Directions.
Pictures found in the material must be left out, and every line returned as written.

Data extract.
+ + + + +

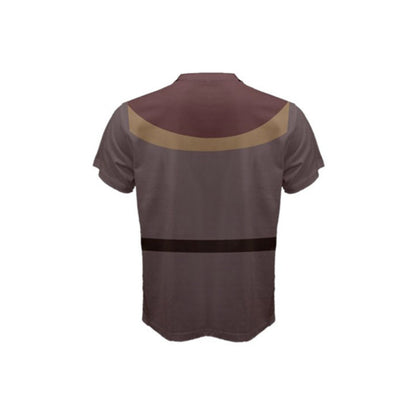 Men's Cassandra Inspired ATHLETIC Short Sleeve Shirt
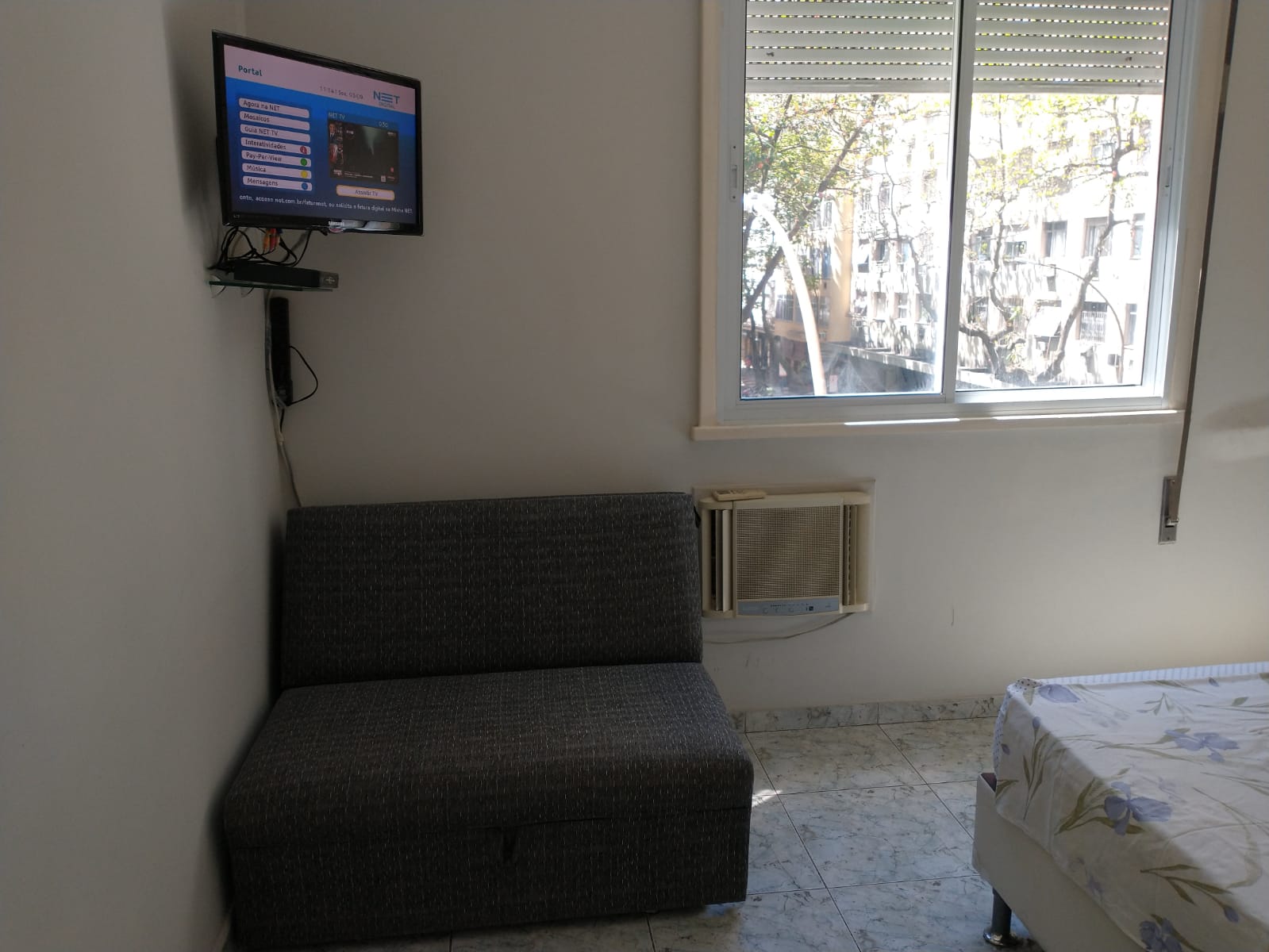 Imagem Apartamento com 1 Quarto à Venda, 45 m²em Copacabana - Rio de Janeiro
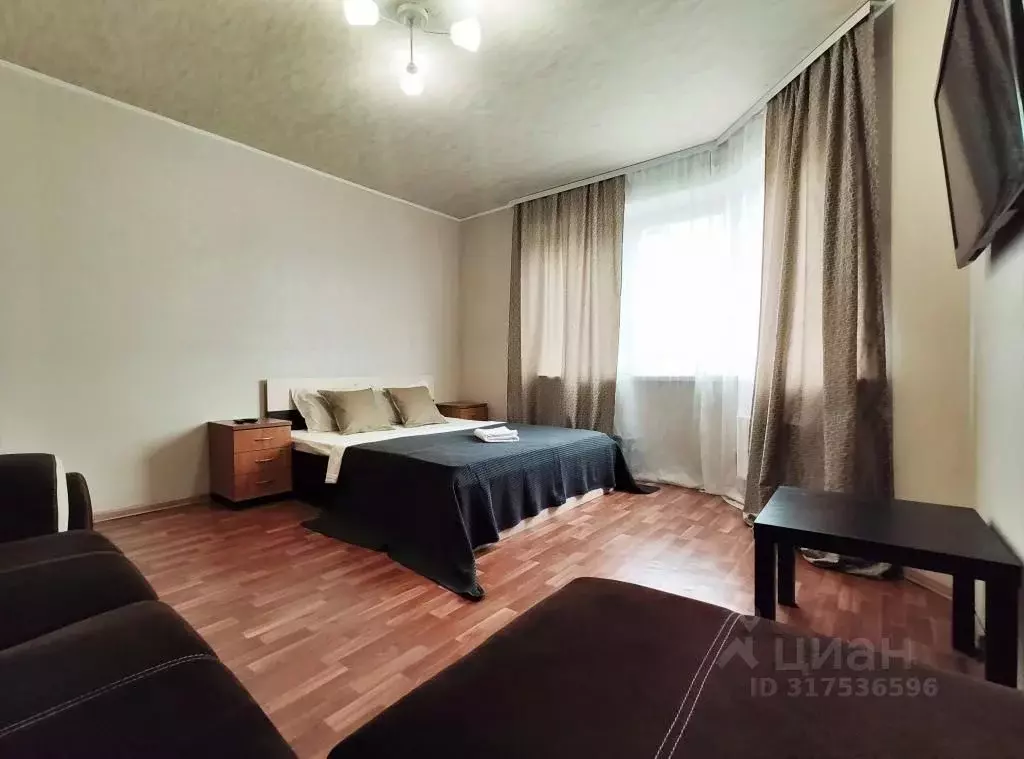 1-к кв. Москва ул. Полины Осипенко, 2к2 (35.0 м) - Фото 0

+ + + + +

Answer section.
 Men's Cassandra Inspired ATHLETIC Short Sleeve Shirt
 Imagem Apartamento com 1 Quarto à Venda, 45 m²em Copacabana - Rio de Janeiro
 1-к кв. Москва ул. Полины Осипенко, 2к2 (35.0 м) - Фото 0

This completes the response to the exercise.